BEGIN Records provided

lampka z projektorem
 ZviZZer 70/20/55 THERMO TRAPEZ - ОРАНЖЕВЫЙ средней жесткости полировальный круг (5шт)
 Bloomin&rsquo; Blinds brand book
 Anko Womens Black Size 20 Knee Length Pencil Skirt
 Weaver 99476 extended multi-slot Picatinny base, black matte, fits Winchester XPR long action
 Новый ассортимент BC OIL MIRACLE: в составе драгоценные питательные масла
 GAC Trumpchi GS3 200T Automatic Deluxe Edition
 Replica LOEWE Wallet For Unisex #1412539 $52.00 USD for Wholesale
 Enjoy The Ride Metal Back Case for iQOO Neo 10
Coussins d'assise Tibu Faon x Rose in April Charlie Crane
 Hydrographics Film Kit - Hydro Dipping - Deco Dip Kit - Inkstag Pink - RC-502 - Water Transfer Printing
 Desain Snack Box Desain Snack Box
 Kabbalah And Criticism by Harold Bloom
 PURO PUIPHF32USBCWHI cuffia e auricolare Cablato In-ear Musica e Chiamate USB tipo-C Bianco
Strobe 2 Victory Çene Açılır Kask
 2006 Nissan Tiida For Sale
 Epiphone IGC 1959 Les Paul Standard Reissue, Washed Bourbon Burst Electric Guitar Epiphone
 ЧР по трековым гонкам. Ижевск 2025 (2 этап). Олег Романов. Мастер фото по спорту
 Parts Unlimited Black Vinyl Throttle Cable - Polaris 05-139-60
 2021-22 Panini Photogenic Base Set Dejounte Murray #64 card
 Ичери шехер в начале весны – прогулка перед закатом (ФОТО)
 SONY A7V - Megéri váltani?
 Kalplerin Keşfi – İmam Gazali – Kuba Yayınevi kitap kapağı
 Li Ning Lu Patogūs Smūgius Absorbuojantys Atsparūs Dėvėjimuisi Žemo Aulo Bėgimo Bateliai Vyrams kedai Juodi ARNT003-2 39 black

END Records provided

The line above containing "Parts Unlimited Black", the line containing "Kalplerin Keşfi –", and every line between them are to be transcribed exactly; no other line is wanted.

Solution to the problem:
 Parts Unlimited Black Vinyl Throttle Cable - Polaris 05-139-60
 2021-22 Panini Photogenic Base Set Dejounte Murray #64 card
 Ичери шехер в начале весны – прогулка перед закатом (ФОТО)
 SONY A7V - Megéri váltani?
 Kalplerin Keşfi – İmam Gazali – Kuba Yayınevi kitap kapağı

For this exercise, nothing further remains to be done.